**MATERIAL PROVIDED**
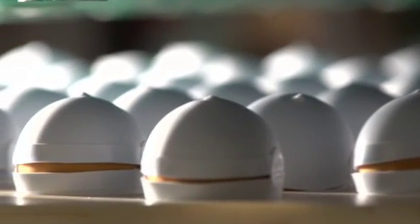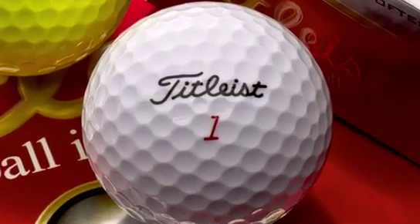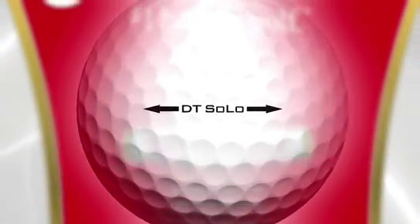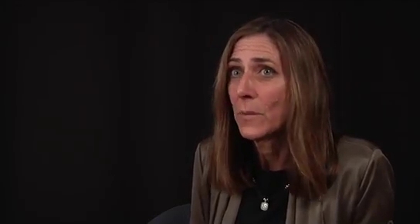It has an ionomer blend cover — a soft Surlyn blend cover. The new DT Solo is available with a white cover and an optic yellow configuration as well. The DT offers great overall performance and excellent durability shot after shot, round after round, and it's also the softest DT golf ball we've ever made.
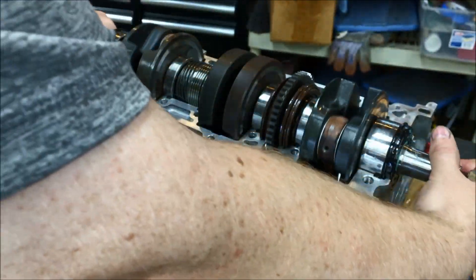With everything dropped in, go ahead and grab the crank and make sure everything is spinning the way it should and nothing is binding up. We look pretty good.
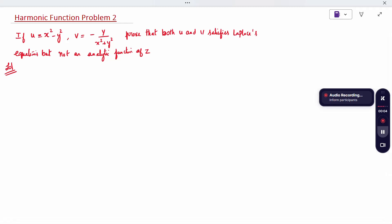Hi all. Today's topic is harmonic function, problem 2. U and V are given in the question. It is asked to prove both U separately satisfies the Laplace equation and V separately satisfies the Laplace equation, but together U and V are not an analytic function.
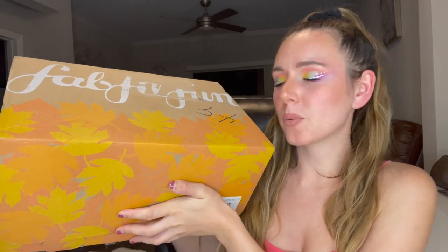Hey everyone! Welcome back to my channel. For today's video, I'm going to be unboxing my FabFitFun full box for 2021. I did sign up for FabFitFun a little late to the party, so I am getting this a little bit late, but I'm going to be unboxing it with you guys and showing you guys what I customized it with.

**AIM OF THE TASK**
Skip the pictures, then return the rest of the data exactly.

**WRITTEN SOLUTION**
It has an ionomer blend cover — a soft Surlyn blend cover. The new DT Solo is available with a white cover and an optic yellow configuration as well. The DT offers great overall performance and excellent durability shot after shot, round after round, and it's also the softest DT golf ball we've ever made.
With everything dropped in, go ahead and grab the crank and make sure everything is spinning the way it should and nothing is binding up. We look pretty good.
Hi all. Today's topic is harmonic function, problem 2. U and V are given in the question. It is asked to prove both U separately satisfies the Laplace equation and V separately satisfies the Laplace equation, but together U and V are not an analytic function.
Hey everyone! Welcome back to my channel. For today's video, I'm going to be unboxing my FabFitFun full box for 2021. I did sign up for FabFitFun a little late to the party, so I am getting this a little bit late, but I'm going to be unboxing it with you guys and showing you guys what I customized it with.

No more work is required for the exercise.